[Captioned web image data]
= Beginning of Section =

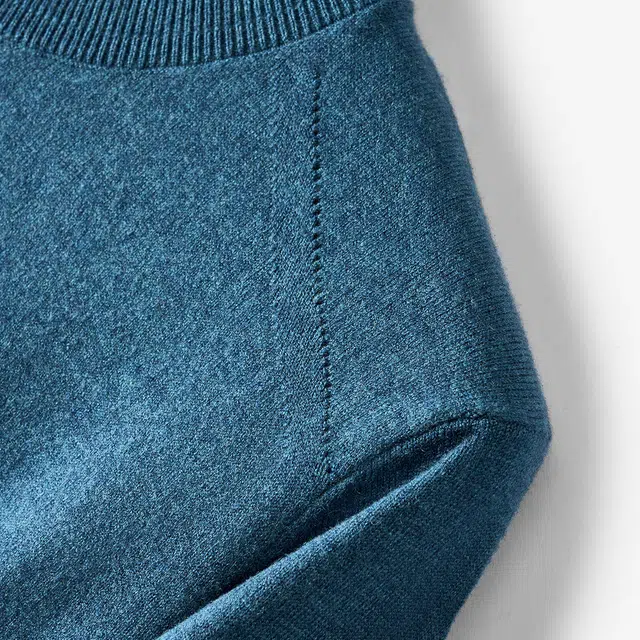 红豆 可机洗纯色圆领套头毛衣 男款 浅蓝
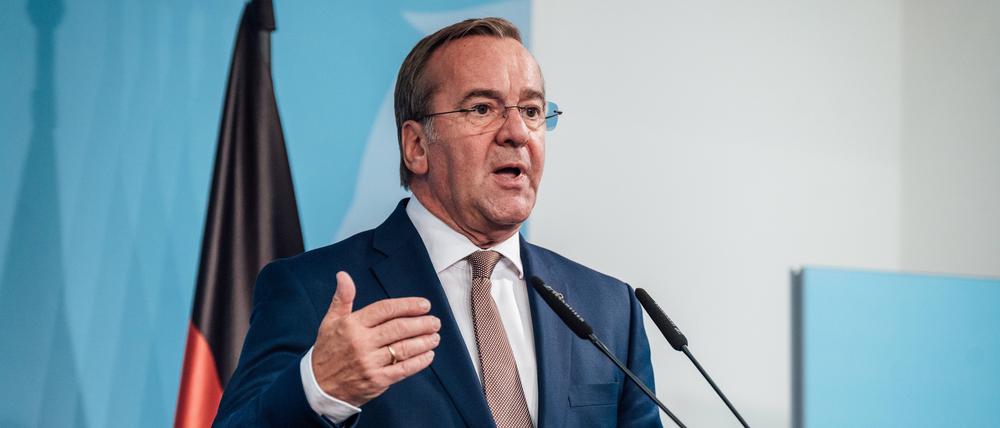 Verteidigungsminister Boris Pistorius (SPD) gibt ein Statement.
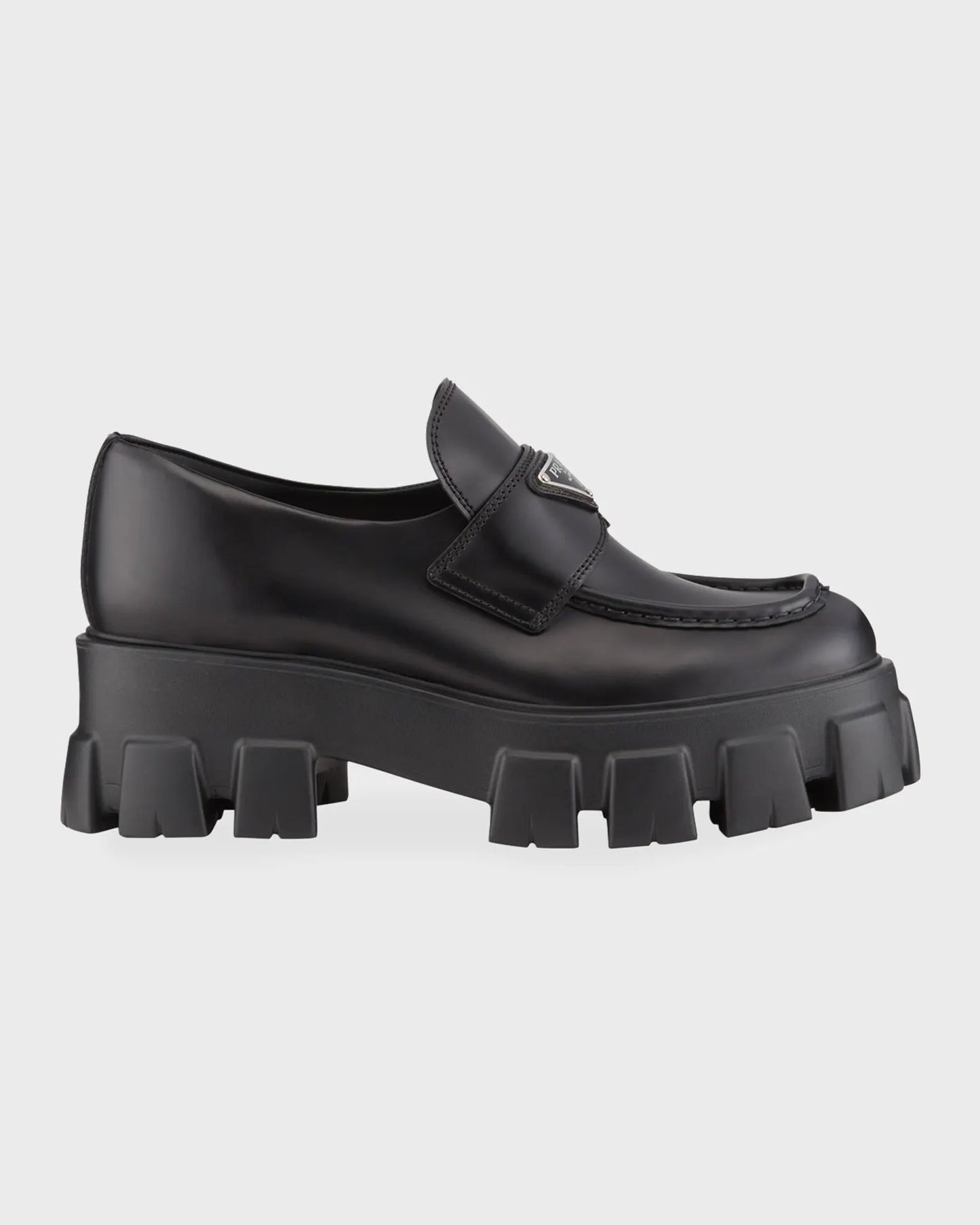PRADA BRUSHED LEATHER MONOLITH LOAFERS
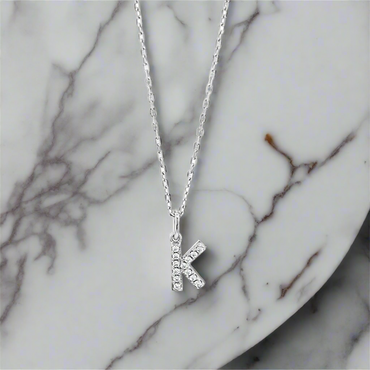 K - Initial K Necklace Sterling Silver Pendant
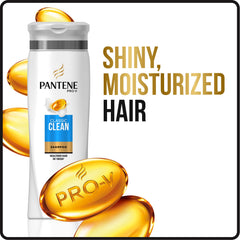 Pantene Pro-V Classic Clean bottle pour demonstrates easy application.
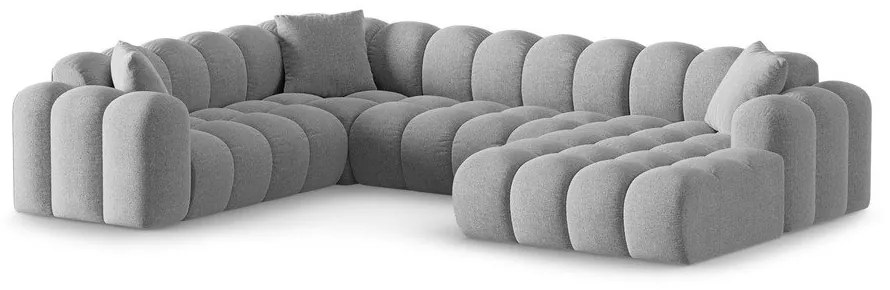 Jasnoszary narożnik z tkaniny szenilowej (lewostronny/w kształcie litery U) Treno – Cosmopolitan Design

= End of Section =

* What to do *
Reproduce every entry word for word, but omit the pictures.

* Finished exercise *
 红豆 可机洗纯色圆领套头毛衣 男款 浅蓝
 Verteidigungsminister Boris Pistorius (SPD) gibt ein Statement.
PRADA BRUSHED LEATHER MONOLITH LOAFERS
 K - Initial K Necklace Sterling Silver Pendant
 Pantene Pro-V Classic Clean bottle pour demonstrates easy application.
 Jasnoszary narożnik z tkaniny szenilowej (lewostronny/w kształcie litery U) Treno – Cosmopolitan Design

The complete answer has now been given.